# OEPandas - Advanced Features

This notebook demonstrates advanced OEPandas features including file I/O, design units, and performance optimization.

In [None]:
import oepandas as oepd
import pandas as pd
from openeye import oechem
from pathlib import Path
import tempfile

## 1. File I/O

### Reading Different File Formats

In [None]:
# OEPandas can read various formats:

# SD files (with properties)
# df = oepd.read_sdf("molecules.sdf")

# OEB binary files (compressed or uncompressed)
# df = oepd.read_oeb("molecules.oeb.gz")

# SMILES files
# df = oepd.read_smi("molecules.smi")

# CSV with SMILES column
# df = oepd.read_molecule_csv("data.csv", molecule_columns="SMILES")

# OERecord databases
# df = oepd.read_oedb("records.oedb")

print("Multiple file format readers available!")

### Writing Data

Export molecular data to various formats:

In [None]:
# Create sample data
sample_data = [
    {"SMILES": "CC(=O)Oc1ccccc1C(=O)O", "Name": "Aspirin", "Activity": 7.5},
    {"SMILES": "CC(C)Cc1ccc(cc1)C(C)C(=O)O", "Name": "Ibuprofen", "Activity": 6.8},
]
df = pd.DataFrame(sample_data)
df = oepd.read_molecule_csv(df, molecule_columns="SMILES")

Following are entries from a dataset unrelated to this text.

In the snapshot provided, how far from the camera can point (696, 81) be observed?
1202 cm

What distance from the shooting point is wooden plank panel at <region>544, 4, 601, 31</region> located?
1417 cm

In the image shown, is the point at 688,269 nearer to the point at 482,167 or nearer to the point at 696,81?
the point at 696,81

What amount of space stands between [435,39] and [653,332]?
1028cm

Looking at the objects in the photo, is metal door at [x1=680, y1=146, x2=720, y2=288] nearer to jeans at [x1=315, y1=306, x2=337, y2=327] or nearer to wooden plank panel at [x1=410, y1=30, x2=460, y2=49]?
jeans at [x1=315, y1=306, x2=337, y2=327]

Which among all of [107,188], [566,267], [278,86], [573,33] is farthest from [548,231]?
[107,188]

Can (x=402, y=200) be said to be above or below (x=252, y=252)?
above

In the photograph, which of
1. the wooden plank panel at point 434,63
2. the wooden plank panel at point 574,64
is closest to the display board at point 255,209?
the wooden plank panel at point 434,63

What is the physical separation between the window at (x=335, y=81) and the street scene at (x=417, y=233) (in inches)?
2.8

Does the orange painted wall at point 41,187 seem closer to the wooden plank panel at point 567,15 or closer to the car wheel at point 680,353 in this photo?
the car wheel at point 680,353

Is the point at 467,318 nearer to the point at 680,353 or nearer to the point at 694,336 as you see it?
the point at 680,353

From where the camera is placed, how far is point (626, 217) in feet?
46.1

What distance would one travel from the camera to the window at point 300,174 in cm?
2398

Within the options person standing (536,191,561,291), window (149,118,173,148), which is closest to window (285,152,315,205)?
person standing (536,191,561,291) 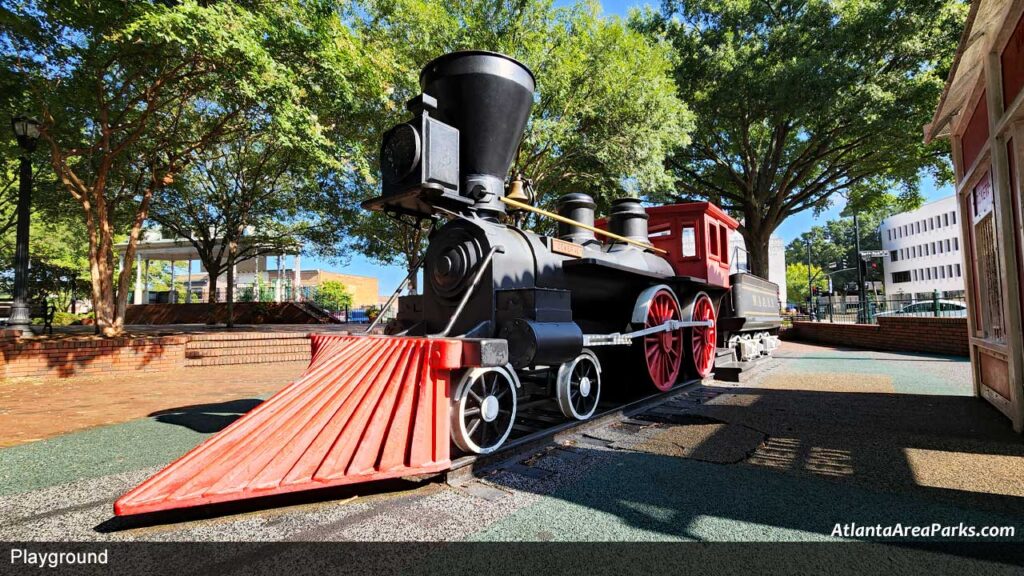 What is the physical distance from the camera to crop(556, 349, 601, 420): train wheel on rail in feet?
14.0

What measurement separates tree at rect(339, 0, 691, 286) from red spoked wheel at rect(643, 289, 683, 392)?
559 cm

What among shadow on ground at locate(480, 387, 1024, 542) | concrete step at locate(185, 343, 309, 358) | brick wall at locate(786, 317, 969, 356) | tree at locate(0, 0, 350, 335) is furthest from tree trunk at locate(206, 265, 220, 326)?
brick wall at locate(786, 317, 969, 356)

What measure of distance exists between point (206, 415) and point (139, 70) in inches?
272

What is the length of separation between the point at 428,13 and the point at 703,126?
970 cm

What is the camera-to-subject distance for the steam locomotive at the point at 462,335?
107 inches

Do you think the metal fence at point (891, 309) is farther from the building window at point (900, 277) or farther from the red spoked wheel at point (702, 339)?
the building window at point (900, 277)

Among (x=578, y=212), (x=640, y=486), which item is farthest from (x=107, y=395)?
(x=640, y=486)

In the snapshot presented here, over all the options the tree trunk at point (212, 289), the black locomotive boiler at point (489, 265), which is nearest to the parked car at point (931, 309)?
the black locomotive boiler at point (489, 265)

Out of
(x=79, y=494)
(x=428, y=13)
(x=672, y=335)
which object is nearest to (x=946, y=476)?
(x=672, y=335)

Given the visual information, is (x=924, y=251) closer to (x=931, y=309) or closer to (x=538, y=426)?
(x=931, y=309)

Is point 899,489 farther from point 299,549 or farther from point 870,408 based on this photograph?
point 299,549

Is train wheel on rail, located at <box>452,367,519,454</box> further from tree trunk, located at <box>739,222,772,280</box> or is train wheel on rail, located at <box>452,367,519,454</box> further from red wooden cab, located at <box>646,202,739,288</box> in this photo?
tree trunk, located at <box>739,222,772,280</box>

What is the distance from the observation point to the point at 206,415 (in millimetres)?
5324

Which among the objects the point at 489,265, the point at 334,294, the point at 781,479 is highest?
the point at 334,294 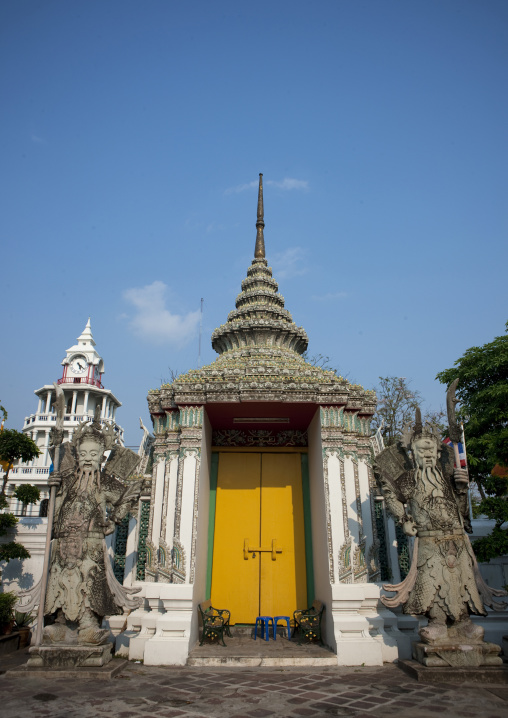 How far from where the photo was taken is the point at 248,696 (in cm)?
698

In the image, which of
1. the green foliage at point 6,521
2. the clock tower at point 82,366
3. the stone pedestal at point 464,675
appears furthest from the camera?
the clock tower at point 82,366

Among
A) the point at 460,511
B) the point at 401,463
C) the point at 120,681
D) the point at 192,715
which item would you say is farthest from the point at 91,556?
the point at 460,511

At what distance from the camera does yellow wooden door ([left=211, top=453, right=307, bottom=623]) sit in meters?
11.3

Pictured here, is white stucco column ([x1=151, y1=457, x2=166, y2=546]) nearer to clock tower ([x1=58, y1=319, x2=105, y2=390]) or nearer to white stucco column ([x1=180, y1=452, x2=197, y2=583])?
white stucco column ([x1=180, y1=452, x2=197, y2=583])

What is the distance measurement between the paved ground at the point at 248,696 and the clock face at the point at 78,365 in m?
45.6

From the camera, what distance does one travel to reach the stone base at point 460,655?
7.80 metres

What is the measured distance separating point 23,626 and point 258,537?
219 inches

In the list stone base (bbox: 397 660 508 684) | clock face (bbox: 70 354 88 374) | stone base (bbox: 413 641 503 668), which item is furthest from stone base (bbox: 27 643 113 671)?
clock face (bbox: 70 354 88 374)

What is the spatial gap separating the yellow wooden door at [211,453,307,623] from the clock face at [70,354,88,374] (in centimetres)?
4219

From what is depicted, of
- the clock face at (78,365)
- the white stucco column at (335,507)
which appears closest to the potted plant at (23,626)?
the white stucco column at (335,507)

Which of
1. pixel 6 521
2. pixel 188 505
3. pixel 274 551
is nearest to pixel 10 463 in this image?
pixel 6 521

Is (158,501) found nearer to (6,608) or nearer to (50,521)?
(50,521)

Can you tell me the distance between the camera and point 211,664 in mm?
8836

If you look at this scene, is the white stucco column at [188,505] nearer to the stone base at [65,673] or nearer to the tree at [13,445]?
the stone base at [65,673] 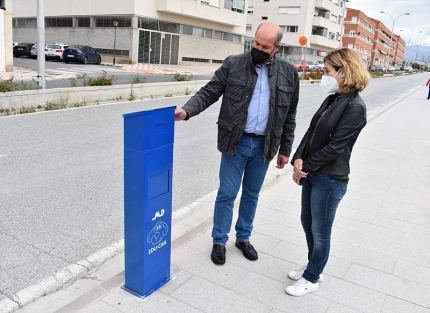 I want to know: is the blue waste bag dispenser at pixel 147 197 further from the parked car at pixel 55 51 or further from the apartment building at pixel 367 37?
the apartment building at pixel 367 37

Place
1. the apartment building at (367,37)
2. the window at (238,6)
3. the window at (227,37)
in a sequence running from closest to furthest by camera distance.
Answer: the window at (238,6) < the window at (227,37) < the apartment building at (367,37)

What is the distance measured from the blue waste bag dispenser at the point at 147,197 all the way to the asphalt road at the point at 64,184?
2.98ft

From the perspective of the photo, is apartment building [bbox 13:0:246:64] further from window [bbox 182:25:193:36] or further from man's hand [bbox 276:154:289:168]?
man's hand [bbox 276:154:289:168]

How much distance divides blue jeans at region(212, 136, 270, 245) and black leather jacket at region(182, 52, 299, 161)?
87 mm

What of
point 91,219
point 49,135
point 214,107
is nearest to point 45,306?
point 91,219

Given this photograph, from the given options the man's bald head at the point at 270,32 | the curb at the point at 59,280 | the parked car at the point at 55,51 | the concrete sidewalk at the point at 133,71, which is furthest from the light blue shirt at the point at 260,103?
the parked car at the point at 55,51

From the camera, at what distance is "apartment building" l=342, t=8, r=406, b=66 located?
85.3 meters

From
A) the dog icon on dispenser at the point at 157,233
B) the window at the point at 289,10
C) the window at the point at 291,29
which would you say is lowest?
the dog icon on dispenser at the point at 157,233

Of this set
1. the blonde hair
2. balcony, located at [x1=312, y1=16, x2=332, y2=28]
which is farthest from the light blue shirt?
balcony, located at [x1=312, y1=16, x2=332, y2=28]

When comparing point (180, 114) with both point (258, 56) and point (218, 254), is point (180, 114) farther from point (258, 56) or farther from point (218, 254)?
point (218, 254)

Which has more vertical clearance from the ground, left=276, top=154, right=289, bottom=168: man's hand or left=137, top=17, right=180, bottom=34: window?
left=137, top=17, right=180, bottom=34: window

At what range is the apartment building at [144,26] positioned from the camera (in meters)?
32.8

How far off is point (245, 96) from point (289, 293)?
1581 millimetres

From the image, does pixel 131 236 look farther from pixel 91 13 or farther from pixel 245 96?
pixel 91 13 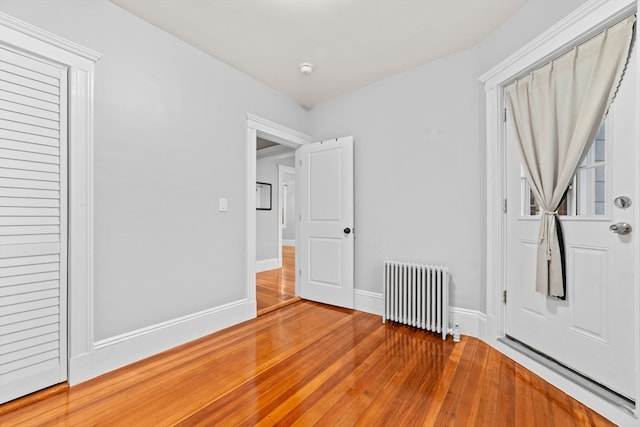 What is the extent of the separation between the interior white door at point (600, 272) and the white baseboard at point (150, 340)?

# Create temporary directory for output
with tempfile.TemporaryDirectory() as tmpdir:
    output_dir = Path(tmpdir)
    
    # Write to SDF
    df.oechem.write_sdf(output_dir / "output.sdf", molecule_column="SMILES")
    print("✓ Wrote SDF file")
    
    # Write to OEB (compressed)
    df.oechem.write_oeb(output_dir / "output.oeb.gz", molecule_column="SMILES")
    print("✓ Wrote compressed OEB file")
    
    # Write to SMILES
    df.oechem.write_smi(output_dir / "output.smi", molecule_column="SMILES")
    print("✓ Wrote SMILES file")
    
    print(f"\nAll files written to: {output_dir}")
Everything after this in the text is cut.